The Shiite-Palestinian conflict, which dragged on for nearly three years and claimed an estimated 2,500 lives, had defied all earlier peace efforts.
But this time, observers in the region feel prospects for a lasting cease-fire are better, for two main reasons:
Largely because Amal fighters seem to be making unilateral and ostensibly unconditional withdrawals.
There are clear indications that the pullouts have been strongly encouraged by Syria, Amal's main ally, and a crucial and decisive player in Lebanese politics.
Announcing his intentions first on Jan. 16, Amal leader Nabih Berri said the cease-fire was a ``gift to our brothers in the occupied territories.'' He was referring to the Palestinians in the Israeli-occupied West Bank and Gaza Strip, who have waged a protest campaign since early last month.
Few observers doubt, however, that Mr. Berri's decision was prompted by Syria, which has vociferously supported the ``uprising'' in the territories.
``Like all decisions to do with Amal, it was a Syrian decision, not a local one, and the main aim was to avoid further embarrassment for Syria,'' says a Palestine Liberation Organization official.
Some reports have suggested that the move may also have reflected progress in discreet reconciliation contacts between the PLO and Syria. The two have been bitterly at odds since 1983.
``It should open the way for progress in correcting PLO-Syrian relations, at least in Lebanon,'' a Palestinian source said.

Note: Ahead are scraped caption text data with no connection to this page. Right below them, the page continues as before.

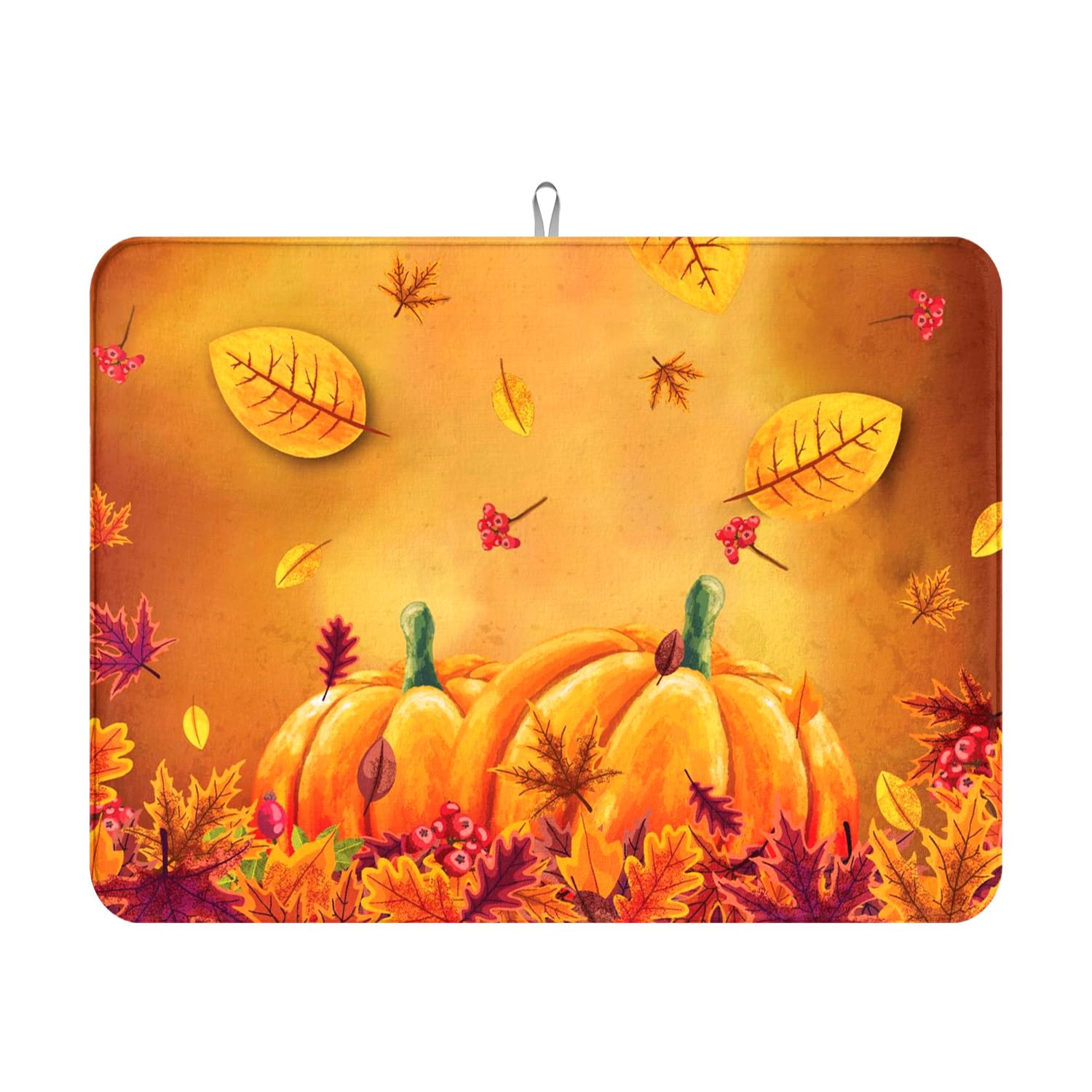 Photo 1 of *** SIMILAR*** Kitchen Is A Seasoned With Love Dish Drying Mat 18 X 24 Inch For Kitchen Counter Reversible Dish Drying Pad Water Absorbing And Drying Mat For Kitchen Coffee Bar Decoration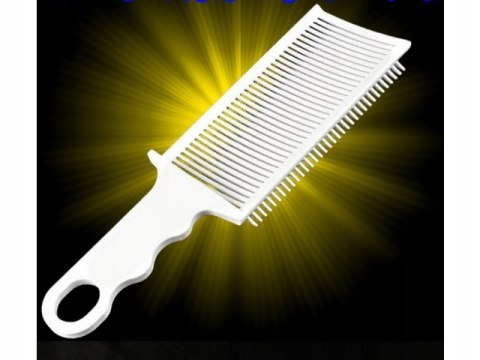 MĘSKI GRZEBIEŃ FRYZJERSKI DO STRZYŻENIA CIENIOWANIA WŁOSÓW profesjonalny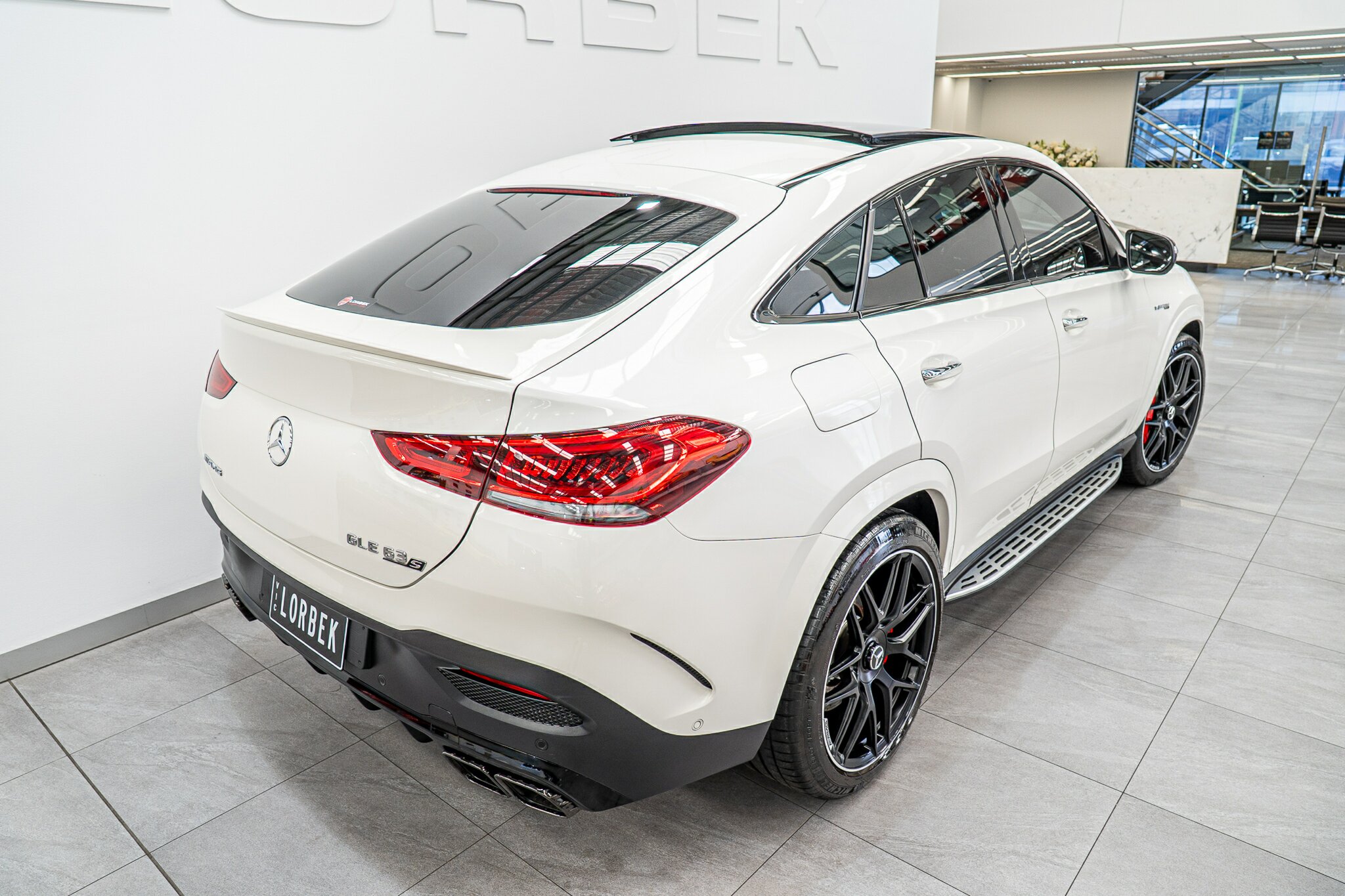 2022 MERCEDES-AMG GLE C167 MY22 63 S 4MATIC+ (HYBRID) 9 SP AUTO TORQUE CLUTCH 4D COUPE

But so far, the Palestinians are wary. Although they are theoretically free to venture out of the Beirut camps for the first time in nearly three years, few have done so. PLO loyalists in particular have stayed inside, doubting the intentions of the Syrian troops who now control access. The Palestinians are also fearful of possible revenge by Shiites.
Berri's moves appear to have broken a vicious circle of retaliation. Previous accords had snagged on his insistence that lifting the blockades must be linked to a simultaneous withdrawal by the Palestinians from villages east of Sidon. The Palestinians had seized the villages in November 1986 in response to Amal's siege, and refused to give them up until the blockades were lifted.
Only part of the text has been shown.